**PROMPT:** Leaving out the images, reproduce every line of the data that follows exactly.

**SOURCE DATA:**
------
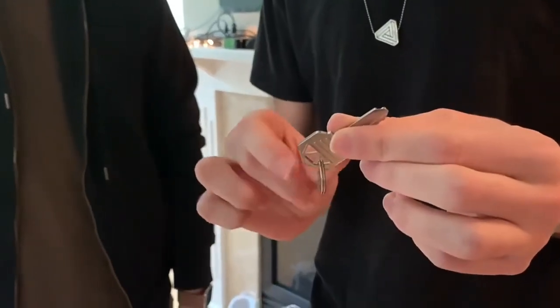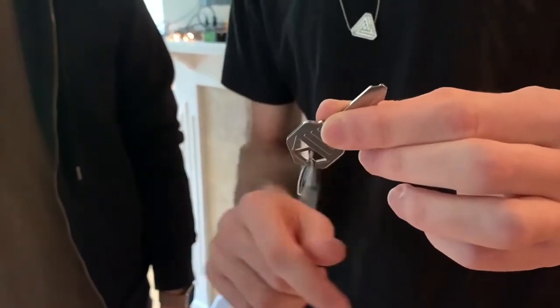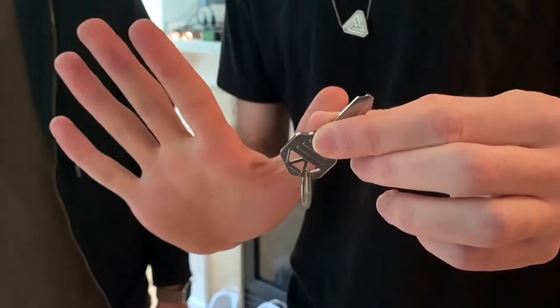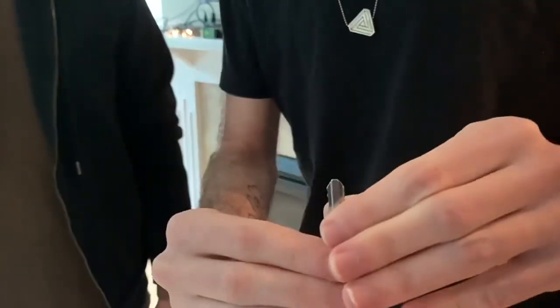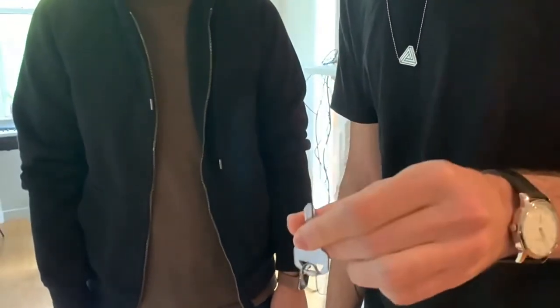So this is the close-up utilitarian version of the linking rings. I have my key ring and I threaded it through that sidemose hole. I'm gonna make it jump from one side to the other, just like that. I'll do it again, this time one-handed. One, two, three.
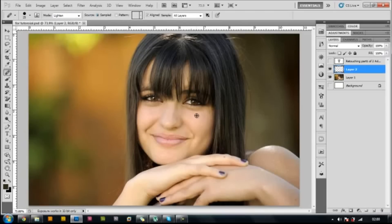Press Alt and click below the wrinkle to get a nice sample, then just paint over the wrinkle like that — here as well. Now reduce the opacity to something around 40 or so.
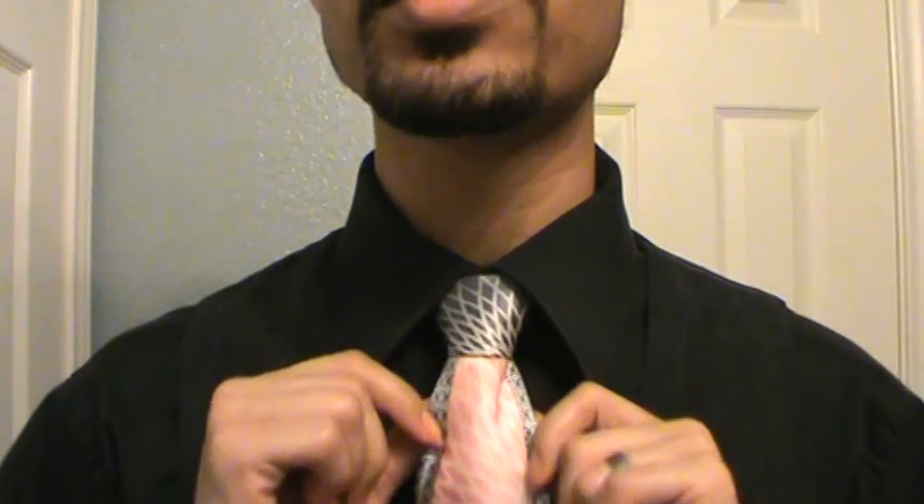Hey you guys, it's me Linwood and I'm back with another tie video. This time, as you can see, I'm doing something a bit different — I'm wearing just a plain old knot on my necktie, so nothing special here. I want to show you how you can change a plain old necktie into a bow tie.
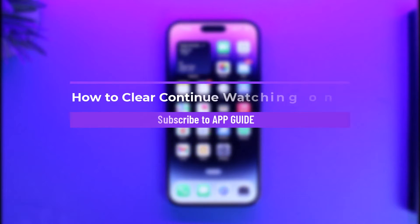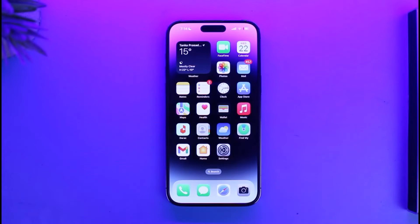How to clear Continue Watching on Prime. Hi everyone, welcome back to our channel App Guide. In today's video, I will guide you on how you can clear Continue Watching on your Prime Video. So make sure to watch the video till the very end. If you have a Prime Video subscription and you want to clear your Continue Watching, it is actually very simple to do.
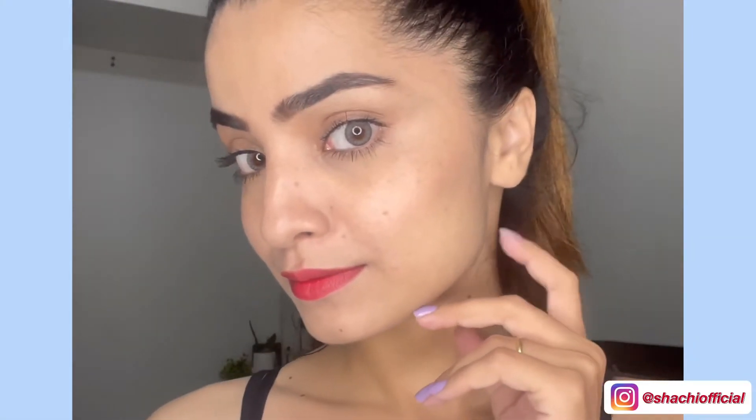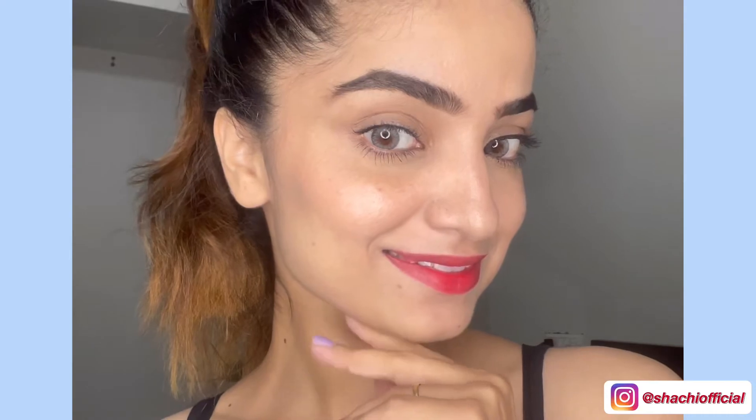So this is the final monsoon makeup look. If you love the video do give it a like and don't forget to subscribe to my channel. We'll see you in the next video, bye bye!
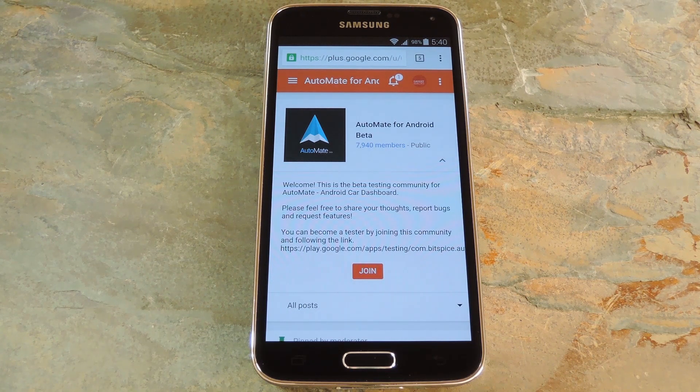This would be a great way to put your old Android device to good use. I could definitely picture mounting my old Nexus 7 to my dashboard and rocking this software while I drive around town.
------
**SOLUTION TO THE PROBLEM:**
So this is the close-up utilitarian version of the linking rings. I have my key ring and I threaded it through that sidemose hole. I'm gonna make it jump from one side to the other, just like that. I'll do it again, this time one-handed. One, two, three.
Press Alt and click below the wrinkle to get a nice sample, then just paint over the wrinkle like that — here as well. Now reduce the opacity to something around 40 or so.
Hey you guys, it's me Linwood and I'm back with another tie video. This time, as you can see, I'm doing something a bit different — I'm wearing just a plain old knot on my necktie, so nothing special here. I want to show you how you can change a plain old necktie into a bow tie.
How to clear Continue Watching on Prime. Hi everyone, welcome back to our channel App Guide. In today's video, I will guide you on how you can clear Continue Watching on your Prime Video. So make sure to watch the video till the very end. If you have a Prime Video subscription and you want to clear your Continue Watching, it is actually very simple to do.
So this is the final monsoon makeup look. If you love the video do give it a like and don't forget to subscribe to my channel. We'll see you in the next video, bye bye!
This would be a great way to put your old Android device to good use. I could definitely picture mounting my old Nexus 7 to my dashboard and rocking this software while I drive around town.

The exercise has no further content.